The Herald on Sunday understands all four resigned from the airline on Wednesday after an investigation into a heavy drinking session in Wellington in October.
Details of the case come soon after revelations an off-duty flight attendant "straddled" All Black Israel Dagg on a flight from Los Angeles to Auckland last month.
And in July, crew assigned to fly stranded passengers from Hawaii to Auckland were understood to be drinking heavily, making them unfit for duty if the plane had been airworthy.
The incidents have prompted the national carrier to fire off a warning to all cabin crew about standards of behaviour.
The latest incident involved cabin crew having dinner with two pilots during an overnight stay in Wellington on October 31. Once the pilots had left, the flight attendants continued to drink.

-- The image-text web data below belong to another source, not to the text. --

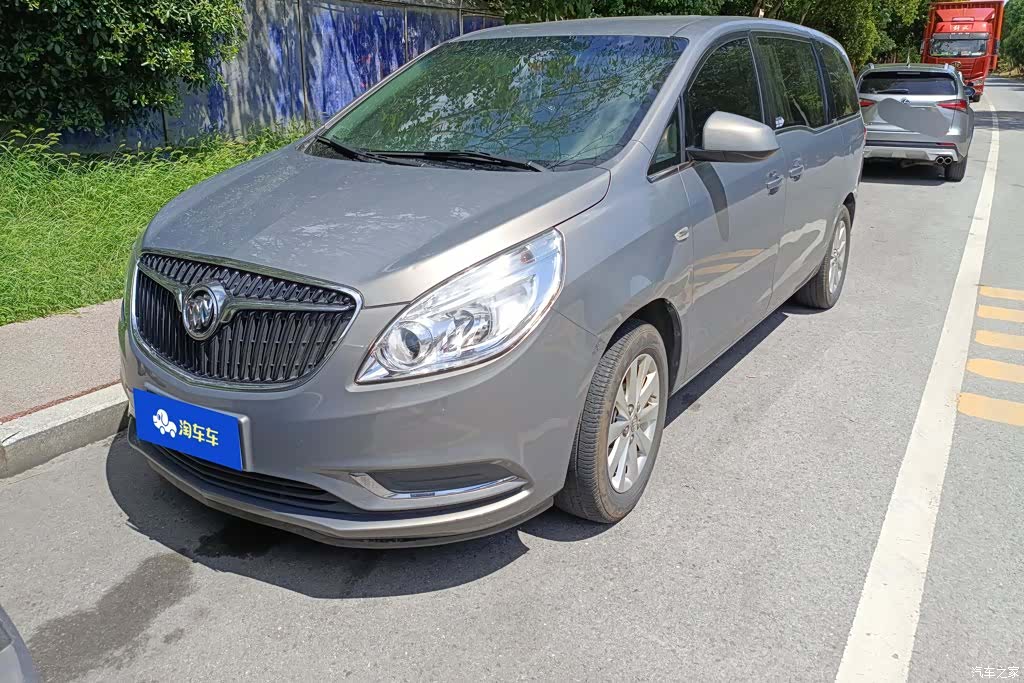 Buick GL8, 2019 1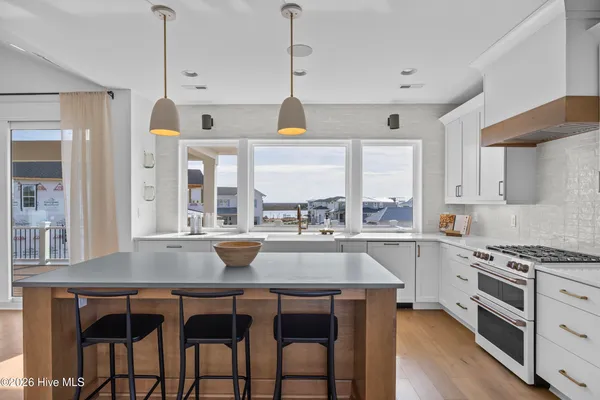 $1,399,900 | 11 Amidships Lane, Hampstead, NC 28443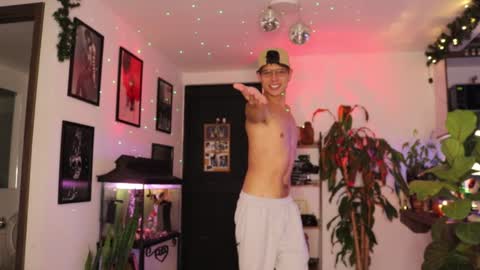   online show from January 21, 3:48 am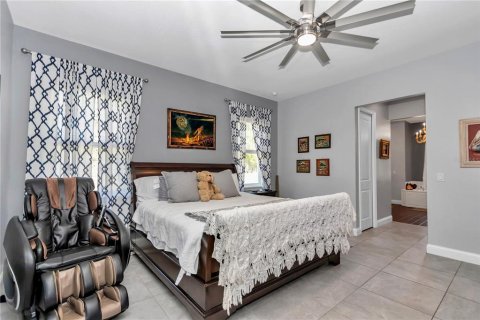 House in Ocala, Florida 3 bedrooms, 231.14 sq.m. № 1583302 - photo 15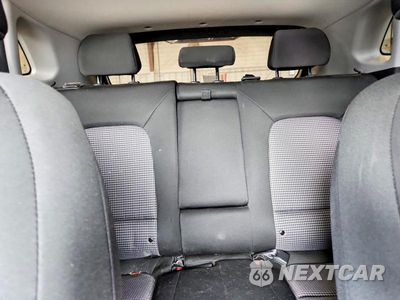 Zdjęcie 10 z 14 samochodu: 2021 HYUNDAI KONA VIN:1GCEC14X35Z108660 - miniatura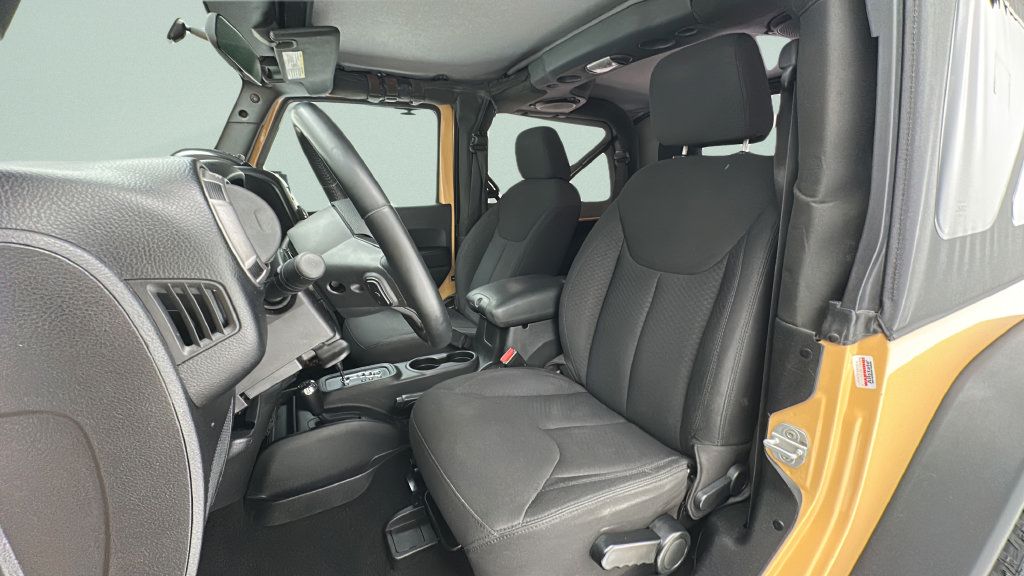 Used 2013 Jeep Wrangler Sport AWD/4WD image 11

One became so drunk, she reportedly had to be carried back to the Rydges Hotel.
It is understood an intimate video of one of the crew was recorded during the night.
The four were stood down on December 1 before resigning.
Air New Zealand has cracked down on drinking among its 2000 cabin crew members and at least one other person, in an unrelated incident, has resigned this week after failing a breath test before working on a flight.
In-flight service managers are able to breath test crew if they have reasonable cause to suspect that they have been drinking within 10 hours of operating a flight.
The airline would not comment on the case involving the cabin crew's behaviour in Wellington, but confirmed the flight attendants resigned after breaching the company's code of conduct. There was no suggestion they had broken any safety rules.
Bruce Parton, chief operations officer, said the airline took its conduct code extremely seriously. "Customer safety is paramount and non-negotiable," he said.
"Regrettably over the past two months we have had two isolated incidents involving cabin crew who were not operating at the time. As a result of these two isolated issues all cabin crew are being reminded of the standards expected of them."
Meanwhile, the off-duty flight attendant who allegedly straddled Dagg during a flight from Los Angeles on November 27 is back on duty after being given a warning. It was reported she had been drinking during the flight where she had been a passenger.
Cabin crew general manager, Leeanne Langridge, emailed staff after the incident saying that Air New Zealand had "no other choice other than to immediately stop the consumption of alcohol" for crew working on short-haul and mid-haul flights.
A day later, Langridge sent a second email to staff saying her previous email was "a real low point for myself and the team" and labelled the order not to drink as a "drastic" measure.
"It culminated in yet another incident we were faced with involving crew and alcohol consumption while on duty," she wrote.
"I believe that given the level of commitment displayed over the last 24hrs to work to resolving these issues I'm comfortable for you to use your discretion whilst positioning on whether or not you choose to have a drink or not."